According to Black’s Law Dictionary[1] “seniority” means:
            “Precedence or preference in position over others similarly situated. As used, for example, with reference to job seniority, worker with most years or service is first promoted within range of jobs subject to seniority, and is the last laid off, proceeding so on down the line to the youngest in point of service”
            In Andhra Pradesh Cooperative Oil Seeds Growers Federation Ltd. Vs. D. Achyuta Rao[2], the Supreme Court has held that seniority confers a very valuable right on an employee and his entire future career is at times dependent upon such seniority. Seniority, therefore, must be determined by rules validly framed or norms enunciated and/or followed which are consistent with the principles enshrined in Articles 14 and 16 of the Constitution of India.
            In State of Uttaranchal vs. Madan Mohan Joshi[3], the Supreme Court held that as seniority or inter se seniority is not a fundamental right but a civil right the persons whose seniority might be effected are necessary parties and such rights are to be determined in their presence.

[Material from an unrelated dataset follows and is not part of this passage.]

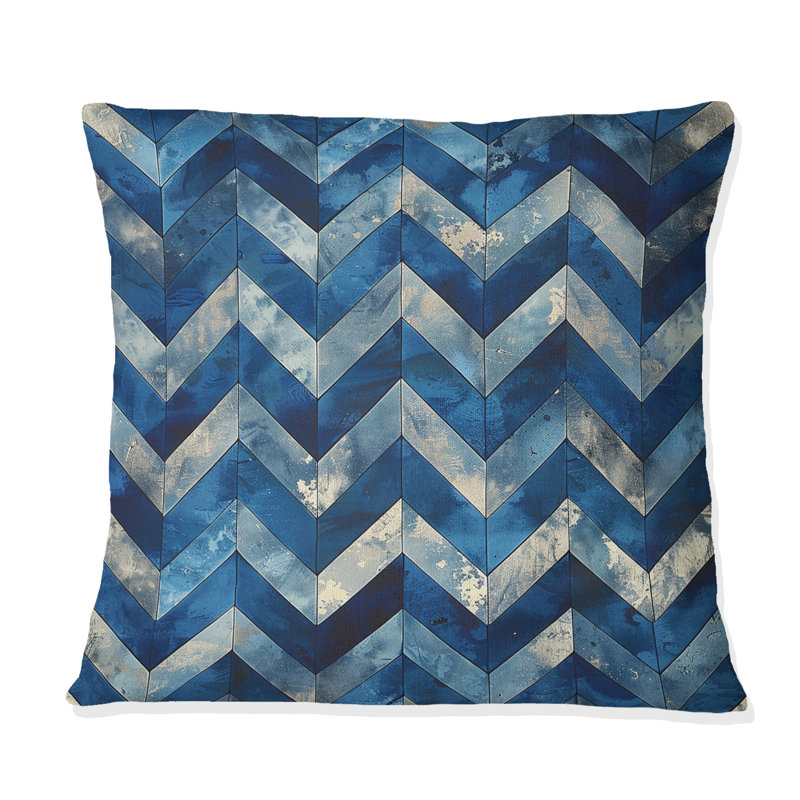 Motif à chevrons bleus I - Coussin moderne, H 16 po x l 16 po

            In State of U.P. vs. Dinkar Sinha[4] and Suresh vs. Yeotmal District Central Cooperative Bank Ltd.[5], the Supreme Court held that although seniority may not be a fundamental right but a civil right, the infringement of this right is permissible only if there are validly framed rules to this effect. If however, any such rules takes away such right it has to receive a strict construction. But even if on such strict interpretation such civil right cannot be saved then it may amount to arbitrary destruction of the right violating Articles 14 and 16 of the Constitution. Since it is civil right, the Supreme Court has held that the questions of seniority cannot be effectively adjudicated upon unless the persons who are shown senior to the aggrieved employee are impleaded as parties.
            In N.K. Chauhan vs. State of Gujarat[6], the Supreme Court observed that although length of services the generally accepted norm for determining seniority, it is obvious that in some cases length of service cannot be the basis for determining seniority e.g. when two or more persons join a service on the same date. Therefore other norms like merit or age have been adopted to meet such situations where the criteria of length of service cannot be applied.
          The question of assigning of seniority arises only in relation to employees who are similarly situated i.e. where they are functioning in the same rank, grade or cadre. This is because seniority is a comparative or relative concept. The comparison obviously has to be between employees who are equally circumstanced. If the employee belongs to two distinct classes, the question of inter se seniority between the members of such distinct classes cannot arise.[7]
2. THE OBJECT OF ASSIGNING SENIORITY
          A system of promotion is the essence of modern management and when a person is recruited in an organization he must be given an opportunity to advance. The object of assigning seniority is to facilitate the filling of promotional posts. Although under many statutory rules or administrative instructions seniority is not the sole factor in granting promotion e.g. when the rules provide for seniority-cum-merit or merit-cum-seniority, yet it is difficult to find rules or instructions which completely ignore seniority in relation to promotion. Even in cases of selection posts the seniority in the feeder grade from which the selection is to be made can be an important factor because employees of a given seniority are treated in the zone of consideration while granting promotion to the selection posts.[8]

3. FIXATION OF SENIORITY
          Where statutory provisions (including rules) or administrative instructions provide for the factors to be taken into consideration and the manner to be adopted in fixation of seniority, then subject to such provisions or instructions being constitutionally or otherwise valid, seniority has to be fixed in accordance with such provisions or instructions.[9]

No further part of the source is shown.